The new one is now available for $599.99 at Tower.

I wonder if it is worth Six Bills.


----------



## CLB (Apr 8, 2007)

Local hobby shop said friday that he could not get any yet. The price has to come to down. $599 for a radio come on! That just seems like a little much.


----------



## hankster (Jan 1, 1998)

High end aircraft radios are well over $1000.


----------



## ScottH (Nov 24, 2005)

Air radios are CRAZY $$$


----------



## OvalmanPA (Mar 21, 2000)

I would say wait for a few months unless you REALLY want one now. Futaba has a history of introducing a radio at one price and within a few months they have dropped in price. Makes hobby shop owners SO happy......


----------



## ScottH (Nov 24, 2005)

I am keeping my 3pk. That radio will REALLY have to be something for me to shell out that many clams for one.


----------



## jake86 (Jan 3, 2003)

I was just on tower's web site and the price has been reduced to $499. Still way to much if you ask me.


----------



## CLB (Apr 8, 2007)

Knowone can even buy the radio yet and the price is dropping! What is up with that. Even at 499 that is a little much. Just my thought.


----------



## adamliehr (Mar 24, 2003)

The 4pk is meant to be the new "top of the line" radio for Futaba. It is *NOT* replacing the 3PKS, but it is another option for those who always want a few more features. 
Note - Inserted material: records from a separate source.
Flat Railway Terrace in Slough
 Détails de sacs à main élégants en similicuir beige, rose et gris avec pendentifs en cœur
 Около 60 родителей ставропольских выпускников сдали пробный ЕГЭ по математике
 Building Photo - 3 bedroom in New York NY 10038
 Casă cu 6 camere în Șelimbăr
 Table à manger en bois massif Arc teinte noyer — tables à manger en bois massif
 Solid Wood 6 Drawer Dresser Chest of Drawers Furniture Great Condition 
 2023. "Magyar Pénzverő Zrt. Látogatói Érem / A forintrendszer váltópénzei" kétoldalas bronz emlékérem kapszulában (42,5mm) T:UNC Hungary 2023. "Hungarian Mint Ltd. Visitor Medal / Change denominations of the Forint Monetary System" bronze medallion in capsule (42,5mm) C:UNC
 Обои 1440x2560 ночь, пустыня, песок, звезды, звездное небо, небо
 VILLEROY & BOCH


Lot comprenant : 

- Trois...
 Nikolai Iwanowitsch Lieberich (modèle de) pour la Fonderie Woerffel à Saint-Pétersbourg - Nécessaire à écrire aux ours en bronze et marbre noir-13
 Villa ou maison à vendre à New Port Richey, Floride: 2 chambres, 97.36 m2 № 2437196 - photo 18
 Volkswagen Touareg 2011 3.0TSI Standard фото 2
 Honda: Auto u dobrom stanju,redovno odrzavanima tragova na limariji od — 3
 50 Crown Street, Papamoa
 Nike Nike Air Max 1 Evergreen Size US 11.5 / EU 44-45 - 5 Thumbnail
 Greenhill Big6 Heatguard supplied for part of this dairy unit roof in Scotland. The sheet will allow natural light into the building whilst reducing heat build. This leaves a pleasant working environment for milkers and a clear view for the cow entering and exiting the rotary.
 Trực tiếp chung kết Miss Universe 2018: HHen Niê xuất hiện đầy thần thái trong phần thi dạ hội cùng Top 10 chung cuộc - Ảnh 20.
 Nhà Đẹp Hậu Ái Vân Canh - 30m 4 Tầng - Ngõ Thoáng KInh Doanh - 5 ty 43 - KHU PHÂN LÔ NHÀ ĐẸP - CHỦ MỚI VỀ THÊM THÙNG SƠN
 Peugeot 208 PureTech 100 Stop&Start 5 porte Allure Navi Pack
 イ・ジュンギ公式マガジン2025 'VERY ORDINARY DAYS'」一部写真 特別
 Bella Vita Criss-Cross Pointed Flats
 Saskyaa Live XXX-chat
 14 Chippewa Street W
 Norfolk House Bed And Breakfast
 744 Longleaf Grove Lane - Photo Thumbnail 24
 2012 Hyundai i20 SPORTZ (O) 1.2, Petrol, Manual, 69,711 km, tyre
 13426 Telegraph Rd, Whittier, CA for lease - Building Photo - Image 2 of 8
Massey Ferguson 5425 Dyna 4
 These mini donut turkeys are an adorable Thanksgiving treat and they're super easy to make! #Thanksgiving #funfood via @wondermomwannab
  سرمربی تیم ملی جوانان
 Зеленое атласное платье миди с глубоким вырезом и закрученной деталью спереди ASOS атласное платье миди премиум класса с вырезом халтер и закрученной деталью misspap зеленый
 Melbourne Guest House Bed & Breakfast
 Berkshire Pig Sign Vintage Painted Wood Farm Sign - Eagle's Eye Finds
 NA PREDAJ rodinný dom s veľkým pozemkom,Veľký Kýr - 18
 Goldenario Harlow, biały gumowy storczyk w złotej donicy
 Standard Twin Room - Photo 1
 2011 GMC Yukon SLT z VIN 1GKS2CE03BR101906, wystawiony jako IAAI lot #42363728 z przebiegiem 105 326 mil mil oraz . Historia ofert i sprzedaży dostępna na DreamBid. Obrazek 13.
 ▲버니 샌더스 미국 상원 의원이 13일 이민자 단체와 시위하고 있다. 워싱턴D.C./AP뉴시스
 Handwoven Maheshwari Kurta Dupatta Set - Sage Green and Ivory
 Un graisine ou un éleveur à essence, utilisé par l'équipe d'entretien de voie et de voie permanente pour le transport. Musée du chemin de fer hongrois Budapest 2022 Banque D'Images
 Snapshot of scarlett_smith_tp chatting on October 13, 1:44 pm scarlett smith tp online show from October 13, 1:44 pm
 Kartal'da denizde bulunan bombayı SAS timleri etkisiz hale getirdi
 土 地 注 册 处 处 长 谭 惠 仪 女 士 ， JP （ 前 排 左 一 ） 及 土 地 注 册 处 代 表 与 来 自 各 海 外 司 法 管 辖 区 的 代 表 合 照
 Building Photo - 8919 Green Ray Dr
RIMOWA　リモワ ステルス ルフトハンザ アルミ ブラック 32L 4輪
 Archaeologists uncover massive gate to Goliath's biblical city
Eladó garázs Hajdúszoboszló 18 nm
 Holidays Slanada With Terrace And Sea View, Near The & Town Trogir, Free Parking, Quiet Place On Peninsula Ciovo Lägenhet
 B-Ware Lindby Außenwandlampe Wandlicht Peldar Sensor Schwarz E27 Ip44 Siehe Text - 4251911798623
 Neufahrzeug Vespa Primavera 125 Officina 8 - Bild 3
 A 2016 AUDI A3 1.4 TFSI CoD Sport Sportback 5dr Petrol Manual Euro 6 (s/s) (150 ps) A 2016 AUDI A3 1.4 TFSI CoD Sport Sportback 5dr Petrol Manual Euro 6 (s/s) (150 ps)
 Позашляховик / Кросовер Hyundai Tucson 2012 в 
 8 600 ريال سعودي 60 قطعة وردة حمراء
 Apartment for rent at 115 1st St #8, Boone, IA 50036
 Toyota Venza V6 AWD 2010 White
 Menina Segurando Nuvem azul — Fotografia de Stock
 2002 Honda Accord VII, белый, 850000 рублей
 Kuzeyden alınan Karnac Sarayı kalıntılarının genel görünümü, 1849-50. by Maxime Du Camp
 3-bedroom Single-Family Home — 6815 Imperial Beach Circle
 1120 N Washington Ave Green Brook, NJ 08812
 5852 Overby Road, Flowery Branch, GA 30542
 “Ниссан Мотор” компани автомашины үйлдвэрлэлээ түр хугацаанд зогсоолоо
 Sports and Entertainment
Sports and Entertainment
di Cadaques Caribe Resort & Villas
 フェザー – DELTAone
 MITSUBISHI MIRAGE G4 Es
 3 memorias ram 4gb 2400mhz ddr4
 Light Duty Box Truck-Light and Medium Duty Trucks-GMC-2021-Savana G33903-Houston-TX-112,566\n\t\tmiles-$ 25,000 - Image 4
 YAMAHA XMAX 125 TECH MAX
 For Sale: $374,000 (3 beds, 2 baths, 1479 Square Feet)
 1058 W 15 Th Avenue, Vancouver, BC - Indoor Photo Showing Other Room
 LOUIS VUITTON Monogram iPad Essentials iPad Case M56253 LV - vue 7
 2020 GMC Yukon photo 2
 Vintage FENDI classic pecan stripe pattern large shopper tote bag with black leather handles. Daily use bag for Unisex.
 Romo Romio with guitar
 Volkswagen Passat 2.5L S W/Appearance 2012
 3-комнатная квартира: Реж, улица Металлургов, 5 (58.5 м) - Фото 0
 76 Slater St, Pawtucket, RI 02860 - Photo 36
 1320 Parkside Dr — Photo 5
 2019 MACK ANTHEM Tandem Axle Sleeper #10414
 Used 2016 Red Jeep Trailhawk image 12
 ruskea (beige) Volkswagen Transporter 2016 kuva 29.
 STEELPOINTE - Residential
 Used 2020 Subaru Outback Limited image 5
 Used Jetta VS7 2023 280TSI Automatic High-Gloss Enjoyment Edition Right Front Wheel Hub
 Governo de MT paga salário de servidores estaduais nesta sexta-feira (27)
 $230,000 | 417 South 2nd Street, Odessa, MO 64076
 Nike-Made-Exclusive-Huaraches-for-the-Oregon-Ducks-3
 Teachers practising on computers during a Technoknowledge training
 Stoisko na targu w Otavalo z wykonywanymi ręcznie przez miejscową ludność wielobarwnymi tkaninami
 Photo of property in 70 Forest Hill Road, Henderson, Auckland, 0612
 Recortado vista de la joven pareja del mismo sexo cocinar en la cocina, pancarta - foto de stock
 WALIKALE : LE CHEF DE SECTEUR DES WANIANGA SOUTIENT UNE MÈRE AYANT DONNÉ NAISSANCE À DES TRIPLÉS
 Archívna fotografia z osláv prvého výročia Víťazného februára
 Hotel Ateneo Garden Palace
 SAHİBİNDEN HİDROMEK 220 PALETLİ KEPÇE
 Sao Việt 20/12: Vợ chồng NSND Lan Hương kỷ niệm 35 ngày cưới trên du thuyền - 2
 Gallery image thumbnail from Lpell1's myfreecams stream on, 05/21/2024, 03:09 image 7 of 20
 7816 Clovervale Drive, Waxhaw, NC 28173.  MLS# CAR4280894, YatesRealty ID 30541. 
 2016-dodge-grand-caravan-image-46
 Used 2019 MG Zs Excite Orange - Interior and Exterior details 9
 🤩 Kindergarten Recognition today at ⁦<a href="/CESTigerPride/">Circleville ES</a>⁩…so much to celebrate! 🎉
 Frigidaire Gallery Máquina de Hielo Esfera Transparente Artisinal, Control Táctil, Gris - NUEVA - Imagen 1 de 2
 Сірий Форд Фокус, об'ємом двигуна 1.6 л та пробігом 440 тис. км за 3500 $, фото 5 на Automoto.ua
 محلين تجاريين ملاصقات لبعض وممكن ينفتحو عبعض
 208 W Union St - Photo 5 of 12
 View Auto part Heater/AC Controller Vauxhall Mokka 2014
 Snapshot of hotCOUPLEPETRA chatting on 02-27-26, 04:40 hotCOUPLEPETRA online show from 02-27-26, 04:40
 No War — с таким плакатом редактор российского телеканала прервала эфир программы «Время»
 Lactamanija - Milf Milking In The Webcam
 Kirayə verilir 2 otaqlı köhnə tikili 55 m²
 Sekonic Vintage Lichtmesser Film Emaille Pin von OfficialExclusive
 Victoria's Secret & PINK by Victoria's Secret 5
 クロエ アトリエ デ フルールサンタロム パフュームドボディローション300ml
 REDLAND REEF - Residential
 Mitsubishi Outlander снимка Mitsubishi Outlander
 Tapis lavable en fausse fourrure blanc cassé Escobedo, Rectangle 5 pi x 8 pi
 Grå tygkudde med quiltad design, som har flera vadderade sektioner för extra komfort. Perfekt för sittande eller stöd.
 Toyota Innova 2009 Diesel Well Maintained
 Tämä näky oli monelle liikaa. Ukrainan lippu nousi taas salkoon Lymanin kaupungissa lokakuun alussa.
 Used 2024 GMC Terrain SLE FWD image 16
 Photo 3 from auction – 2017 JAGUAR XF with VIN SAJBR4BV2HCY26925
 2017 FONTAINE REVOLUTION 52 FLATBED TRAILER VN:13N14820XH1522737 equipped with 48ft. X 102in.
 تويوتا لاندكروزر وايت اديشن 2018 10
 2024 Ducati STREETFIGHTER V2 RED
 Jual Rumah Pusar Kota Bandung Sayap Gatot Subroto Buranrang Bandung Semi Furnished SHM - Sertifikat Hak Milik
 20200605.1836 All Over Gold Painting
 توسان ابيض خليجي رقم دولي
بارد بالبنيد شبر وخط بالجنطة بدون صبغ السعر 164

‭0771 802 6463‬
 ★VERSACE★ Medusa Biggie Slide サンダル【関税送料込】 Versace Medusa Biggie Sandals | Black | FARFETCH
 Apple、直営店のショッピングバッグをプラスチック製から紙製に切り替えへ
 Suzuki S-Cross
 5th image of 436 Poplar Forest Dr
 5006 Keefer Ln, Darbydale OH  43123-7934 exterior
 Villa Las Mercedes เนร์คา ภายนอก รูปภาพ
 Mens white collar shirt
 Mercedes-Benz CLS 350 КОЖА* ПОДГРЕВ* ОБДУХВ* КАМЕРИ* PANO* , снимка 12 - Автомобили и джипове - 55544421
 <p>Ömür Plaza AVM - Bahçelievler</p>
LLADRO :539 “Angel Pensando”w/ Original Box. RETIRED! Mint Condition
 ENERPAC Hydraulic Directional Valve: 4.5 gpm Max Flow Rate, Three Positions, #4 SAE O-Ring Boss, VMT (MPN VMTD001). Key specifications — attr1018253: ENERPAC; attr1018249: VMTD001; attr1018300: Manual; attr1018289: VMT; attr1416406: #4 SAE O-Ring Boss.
I got the oppurtunity to play with the radio at the Snowbirds. Honestly I am not a big fan of the look because it seems toyish to me, but it was very comfortable and with the new wheel adapter it will get even better. 
There were a few more "bells and whistles" but I can't remember anything other than how comfortable it was.


Adam Liehr
Team Futaba


----------



## OvalmanPA (Mar 21, 2000)

At $499 that would be a little more reasonable. Just consider what it takes to buy the 3PK and then buy the FASST receiver and module. The 4PK comes with those so overall that is more reasonable if you ask me. Still hard to beat the 3PM FASST for $190 though and it works GREAT.


----------